[Short web captions]
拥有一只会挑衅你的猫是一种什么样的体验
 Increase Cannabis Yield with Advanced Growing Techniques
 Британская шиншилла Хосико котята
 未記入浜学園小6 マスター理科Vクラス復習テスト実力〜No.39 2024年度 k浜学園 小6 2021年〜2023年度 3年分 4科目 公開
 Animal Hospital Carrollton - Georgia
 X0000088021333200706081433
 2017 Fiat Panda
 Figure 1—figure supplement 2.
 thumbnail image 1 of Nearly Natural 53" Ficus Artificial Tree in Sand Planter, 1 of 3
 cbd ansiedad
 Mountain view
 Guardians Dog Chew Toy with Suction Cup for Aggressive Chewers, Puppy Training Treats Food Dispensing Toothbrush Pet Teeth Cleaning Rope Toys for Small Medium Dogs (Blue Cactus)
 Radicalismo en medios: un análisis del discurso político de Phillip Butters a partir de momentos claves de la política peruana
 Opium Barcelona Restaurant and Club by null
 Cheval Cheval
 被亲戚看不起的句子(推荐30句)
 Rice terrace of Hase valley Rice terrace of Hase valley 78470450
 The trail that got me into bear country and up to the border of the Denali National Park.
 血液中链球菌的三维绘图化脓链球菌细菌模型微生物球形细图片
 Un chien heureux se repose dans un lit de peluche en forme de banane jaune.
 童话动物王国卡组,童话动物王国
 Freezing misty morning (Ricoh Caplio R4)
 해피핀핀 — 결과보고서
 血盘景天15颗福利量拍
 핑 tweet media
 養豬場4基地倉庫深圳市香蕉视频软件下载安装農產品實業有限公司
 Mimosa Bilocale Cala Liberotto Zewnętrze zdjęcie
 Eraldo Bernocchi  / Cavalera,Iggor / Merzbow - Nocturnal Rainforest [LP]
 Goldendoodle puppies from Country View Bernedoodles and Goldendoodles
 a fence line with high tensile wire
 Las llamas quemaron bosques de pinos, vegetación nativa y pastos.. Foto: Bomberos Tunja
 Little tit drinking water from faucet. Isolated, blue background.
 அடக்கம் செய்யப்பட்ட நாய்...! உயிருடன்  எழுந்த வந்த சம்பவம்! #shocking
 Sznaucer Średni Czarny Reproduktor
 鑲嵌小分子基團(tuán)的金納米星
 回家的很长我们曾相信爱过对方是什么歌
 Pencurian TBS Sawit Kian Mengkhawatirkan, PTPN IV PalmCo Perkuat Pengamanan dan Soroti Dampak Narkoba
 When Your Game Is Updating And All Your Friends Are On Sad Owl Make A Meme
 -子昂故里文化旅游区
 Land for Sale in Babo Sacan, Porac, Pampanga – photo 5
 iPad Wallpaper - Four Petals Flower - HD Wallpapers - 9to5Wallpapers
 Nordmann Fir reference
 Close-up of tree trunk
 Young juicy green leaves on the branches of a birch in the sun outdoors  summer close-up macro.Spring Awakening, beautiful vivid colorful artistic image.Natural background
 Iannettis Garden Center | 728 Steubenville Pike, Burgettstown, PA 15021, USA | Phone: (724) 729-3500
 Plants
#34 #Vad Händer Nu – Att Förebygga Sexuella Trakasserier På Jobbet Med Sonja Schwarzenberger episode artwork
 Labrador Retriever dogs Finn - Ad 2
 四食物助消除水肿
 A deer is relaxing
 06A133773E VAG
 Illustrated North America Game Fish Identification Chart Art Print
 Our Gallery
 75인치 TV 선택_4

» Task instructions
Above are the records; please copy exactly their first line and each line after it through the line containing "2017 Fiat Panda", and no line after that.

» Answer area
拥有一只会挑衅你的猫是一种什么样的体验
 Increase Cannabis Yield with Advanced Growing Techniques
 Британская шиншилла Хосико котята
 未記入浜学園小6 マスター理科Vクラス復習テスト実力〜No.39 2024年度 k浜学園 小6 2021年〜2023年度 3年分 4科目 公開
 Animal Hospital Carrollton - Georgia
 X0000088021333200706081433
 2017 Fiat Panda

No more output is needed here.